OUR TURN: New sign rules in Horseshoe Bay worth a look

There is no question Horseshoe Bay officials have worked hard to maintain that city’s innate charm, but mounting calls to update its sign ordinances are worth a look.

Surely the old guard who wish to preserve the city’s retro feel can reach some kind of compromise with the Horseshoe Bay Business Alliance, which wants to see some very restrictive sign ordinances relaxed.

A recent discussion at City Council about allowing new signs for the Summit Rock development sparked some lively debate from the business alliance, which argued that a variance for the subdivision should also lead to changes for the overall sign rules.

This isn’t the first time the business alliance has asked for a touch of modernism so that customers can more easily locate their businesses by displaying more prominent signs.

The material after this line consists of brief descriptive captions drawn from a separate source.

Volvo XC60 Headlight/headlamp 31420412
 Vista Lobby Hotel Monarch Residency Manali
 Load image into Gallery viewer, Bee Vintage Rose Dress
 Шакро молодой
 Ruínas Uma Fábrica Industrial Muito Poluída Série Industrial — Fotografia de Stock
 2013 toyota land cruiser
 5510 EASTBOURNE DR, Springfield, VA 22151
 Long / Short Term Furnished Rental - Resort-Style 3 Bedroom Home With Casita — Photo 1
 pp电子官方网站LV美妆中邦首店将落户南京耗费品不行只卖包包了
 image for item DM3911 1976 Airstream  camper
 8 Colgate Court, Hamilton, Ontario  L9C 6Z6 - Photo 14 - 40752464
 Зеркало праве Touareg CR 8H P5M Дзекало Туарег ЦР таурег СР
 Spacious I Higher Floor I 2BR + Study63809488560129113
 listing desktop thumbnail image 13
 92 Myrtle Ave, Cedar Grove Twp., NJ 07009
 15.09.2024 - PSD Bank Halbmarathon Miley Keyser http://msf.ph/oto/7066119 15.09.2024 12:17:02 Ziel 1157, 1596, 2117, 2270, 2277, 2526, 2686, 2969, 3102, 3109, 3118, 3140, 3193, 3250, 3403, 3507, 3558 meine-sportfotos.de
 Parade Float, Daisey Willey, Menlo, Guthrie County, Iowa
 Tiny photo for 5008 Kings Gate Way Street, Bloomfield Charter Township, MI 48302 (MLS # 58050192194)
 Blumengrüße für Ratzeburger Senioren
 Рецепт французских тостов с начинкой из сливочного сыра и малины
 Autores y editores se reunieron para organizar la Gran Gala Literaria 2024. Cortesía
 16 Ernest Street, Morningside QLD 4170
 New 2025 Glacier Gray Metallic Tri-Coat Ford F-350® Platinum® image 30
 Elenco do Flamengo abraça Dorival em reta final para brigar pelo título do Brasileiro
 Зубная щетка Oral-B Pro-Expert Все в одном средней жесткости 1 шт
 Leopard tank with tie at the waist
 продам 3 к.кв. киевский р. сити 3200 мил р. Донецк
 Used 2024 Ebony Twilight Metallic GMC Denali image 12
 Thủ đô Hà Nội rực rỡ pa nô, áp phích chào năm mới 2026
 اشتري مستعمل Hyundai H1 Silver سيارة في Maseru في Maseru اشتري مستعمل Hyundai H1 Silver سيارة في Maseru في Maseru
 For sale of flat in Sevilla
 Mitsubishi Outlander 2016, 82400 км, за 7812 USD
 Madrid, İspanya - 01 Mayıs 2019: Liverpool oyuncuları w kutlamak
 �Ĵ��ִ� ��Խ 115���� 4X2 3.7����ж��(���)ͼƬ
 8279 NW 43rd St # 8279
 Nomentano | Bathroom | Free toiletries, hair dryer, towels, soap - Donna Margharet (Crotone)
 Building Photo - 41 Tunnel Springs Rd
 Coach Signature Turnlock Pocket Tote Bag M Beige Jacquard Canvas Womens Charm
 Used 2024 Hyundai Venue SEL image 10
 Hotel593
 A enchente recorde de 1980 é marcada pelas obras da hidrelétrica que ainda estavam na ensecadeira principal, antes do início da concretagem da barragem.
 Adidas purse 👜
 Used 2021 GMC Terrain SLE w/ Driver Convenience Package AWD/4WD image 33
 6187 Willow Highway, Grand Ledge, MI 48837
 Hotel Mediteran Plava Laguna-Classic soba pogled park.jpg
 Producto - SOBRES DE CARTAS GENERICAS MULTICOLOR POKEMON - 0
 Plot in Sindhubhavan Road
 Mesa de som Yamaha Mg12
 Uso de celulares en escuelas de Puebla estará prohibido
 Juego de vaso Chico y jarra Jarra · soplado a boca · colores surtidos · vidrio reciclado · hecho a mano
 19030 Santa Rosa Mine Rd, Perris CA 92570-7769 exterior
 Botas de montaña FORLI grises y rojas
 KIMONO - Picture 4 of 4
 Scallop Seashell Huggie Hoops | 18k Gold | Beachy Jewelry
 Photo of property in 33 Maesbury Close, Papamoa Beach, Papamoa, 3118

Virtually all signs — garage sale, real estate and even open-for-business signs — are prohibited in the city limits. These are rules that many, not just the business alliance, feel are counter-productive.

But city leaders argue they are doing this to keep the landscape uncluttered and to enhance property values.

As to Summit Rock, the Horseshoe Bay Resort — which is the primary owner of the subdivision — requested a variance involving marketing and promotions signs for the 1,500-acre development.

Many of the signs are 8 feet by 4 feet and would need to be approved by the city.

Officials from the resort actually reduced the initial request from 10 signs, primarily standing nearly 4-feet high and 8-feet wide, to four signs across the development. Among the eliminations are signs visible from FM 2147, the area’s main thoroughfare.

The new signs are behind gates in the burgeoning subdivision.

The request is also temporary. The signs would come down after three years.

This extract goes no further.